House Intelligence Chairman Adam Schiff said he did not believe the special counsel's office thought it was a "friendly subpoena," adding that Muller was "deeply reluctant" to comply.
Schiff added that there would be an "executive session" with members of Mueller's staff.
But there has been speculation on what the closed-door discussion might involve.
Former FBI Deputy Director Andrew McCabe said Mueller's senior staffers would likely "go much deeper" into Russia investigation details. According to MSBC.
Former U.S. attorney for the District of Columbia, Joe DiGenova, prophesied that Weissmann, not Mueller, could do real "damage" to President Trump, according to Fox News.
Weissmann is known as Mueller's "pitbull."
Weissmann led the initiative to draft a three-count obstruction of justice indictment against Trump, which Mueller's spokesman denied existed, According to Michael Wolff's book Siege.
According to The Washington Examiner: Mueller's report, released in April with redactions, shows his team was not able to establish criminal collusion between the Russian government and the Trump campaign but left open the question of possible obstruction of justice.
The report laid out ten instances in which Trump might have obstructed justice, but Mueller refused to decide on the matter, citing a Justice Department guideline that sitting presidents cannot be indicted.
Although Trump and his allies say the case is closed, Democrats argue Mueller's refusal to clear Trump on obstruction provides them a road map to continue to investigate and perhaps seek impeachment.
Attorney General William Barr said he and former Deputy Attorney General Rod Rosenstein determined there was not enough evidence to establish a crime had happened.
Despite Mueller being out of the job and his reluctance to testify, Nunes complained of the former special counsel's continual presence.
"He’s like a bad penny, he just won’t go away," Nunes said of Mueller.

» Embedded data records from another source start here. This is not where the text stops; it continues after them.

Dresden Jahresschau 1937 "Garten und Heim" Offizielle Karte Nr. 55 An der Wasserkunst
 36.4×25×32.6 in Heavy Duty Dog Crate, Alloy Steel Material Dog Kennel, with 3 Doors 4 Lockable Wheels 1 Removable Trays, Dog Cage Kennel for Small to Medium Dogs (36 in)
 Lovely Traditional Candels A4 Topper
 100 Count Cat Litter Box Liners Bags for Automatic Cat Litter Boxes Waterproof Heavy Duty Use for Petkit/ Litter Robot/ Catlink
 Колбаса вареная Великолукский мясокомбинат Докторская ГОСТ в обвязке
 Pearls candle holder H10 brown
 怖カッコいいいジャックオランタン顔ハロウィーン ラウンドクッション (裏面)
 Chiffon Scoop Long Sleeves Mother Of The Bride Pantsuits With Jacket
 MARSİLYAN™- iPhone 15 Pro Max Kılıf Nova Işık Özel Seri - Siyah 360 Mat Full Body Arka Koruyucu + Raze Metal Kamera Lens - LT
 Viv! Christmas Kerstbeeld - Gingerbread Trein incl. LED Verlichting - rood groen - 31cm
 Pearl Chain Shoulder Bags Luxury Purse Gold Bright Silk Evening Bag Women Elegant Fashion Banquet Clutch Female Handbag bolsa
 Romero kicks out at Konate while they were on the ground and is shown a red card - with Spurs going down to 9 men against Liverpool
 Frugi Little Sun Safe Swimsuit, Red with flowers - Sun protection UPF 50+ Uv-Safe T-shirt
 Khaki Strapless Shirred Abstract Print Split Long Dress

Nunes said a question he wants to ask Mueller is how far the counter-intelligence investigation into Trump's campaign goes, even as the FBI asserts it started in July 2016.
"That is a total lie. They've been lying to Congress. They've been misleading the American people, and I'm going to ask that question or at least me or somebody on my committee is going to ask that question of Bob Mueller when the investigation actually began spying on the Trump campaign," Nunes said.